In 1662, Sir William Davenant
obtained a patent for building "the Duke's Theatre," in Little Lincoln's
Inn Fields, which he opened with the play of "the Siege of Rhodes,"
written by himself. The above company performed here till 1671, when
another "Duke's Theatre." was built in Dorset Gardens,[1] by Sir
Christopher Wren, in a similar style of architecture to that in Lincoln's
Inn Fields.
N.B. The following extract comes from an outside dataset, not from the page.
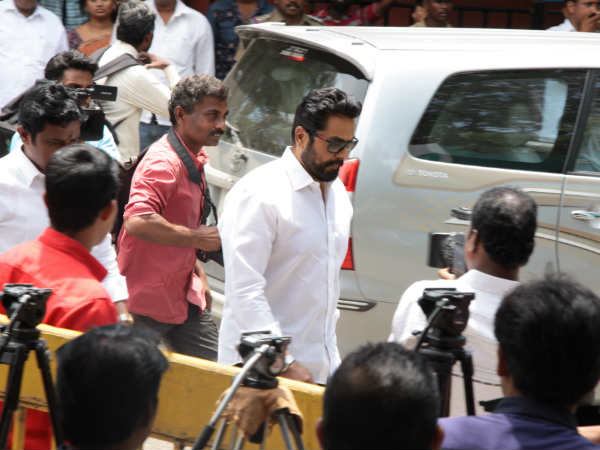 சரத்குமார் 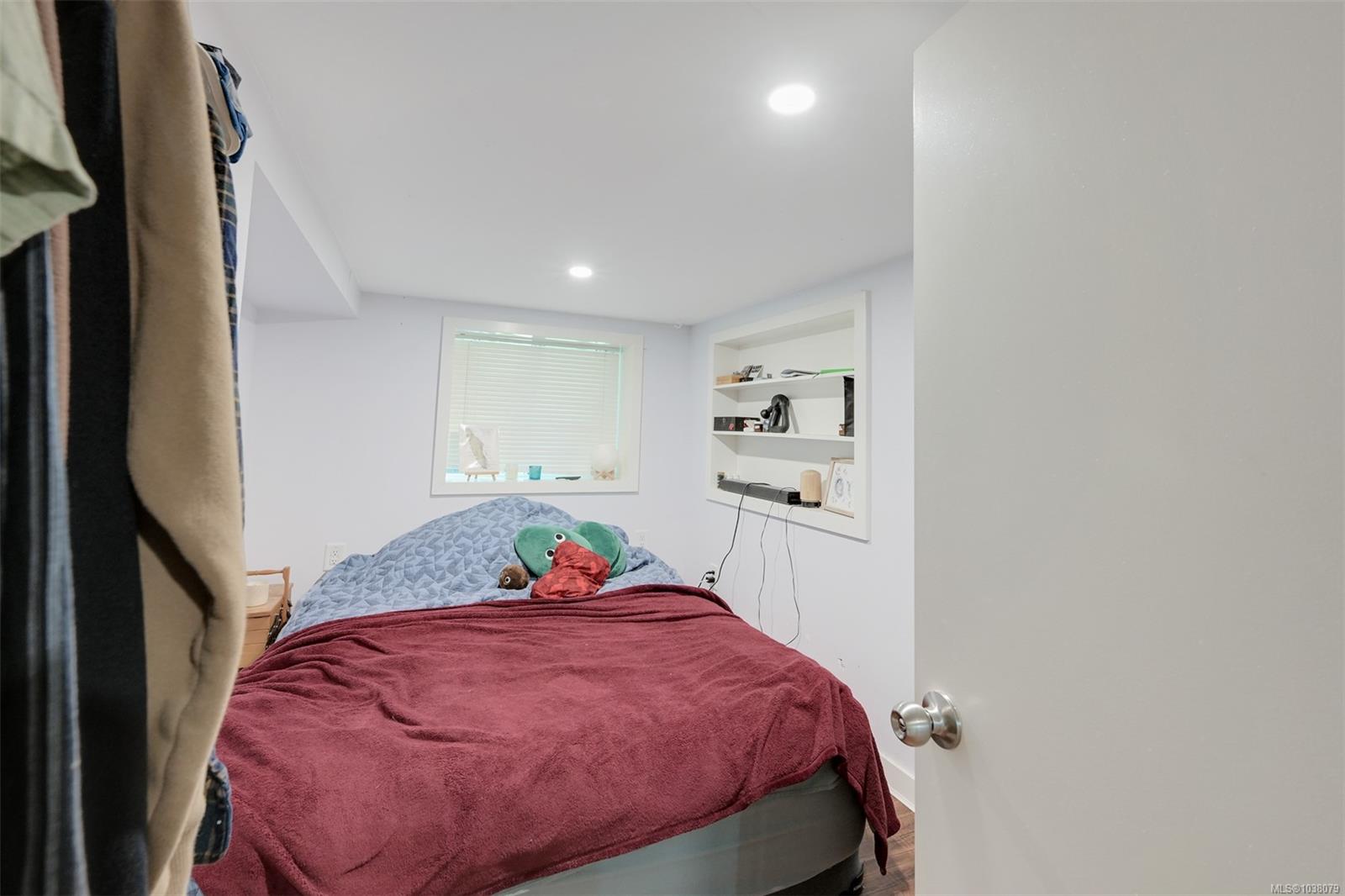 1620 Camosun St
The company removed thither, November 9, in the same year, and
continued performing till the union of the Duke and the King's Companies,
in 1682; and performances were continued occasionally here until 1697. The
building was demolished about April, 1709, and the site is now occupied by
the works of a Gas Light Company.
[1] At the end of Dorset-street, now communicating with Fleet-street,
through Salisbury-square and Salisbury-court.
The Duke's Theatre, as the engraving shows, had a handsome front towards
the river, with a landing-place for visiters by water, a fashion which
prevailed in the early age of the Drama, if we may credit the assertion of
Taylor, the water poet, that about the year 1596, the number of watermen
maintained by conveying persons to the theatres on the banks of the
Thames, was not less than 40,000, showing a love of the drama at that
early period which is very extraordinary.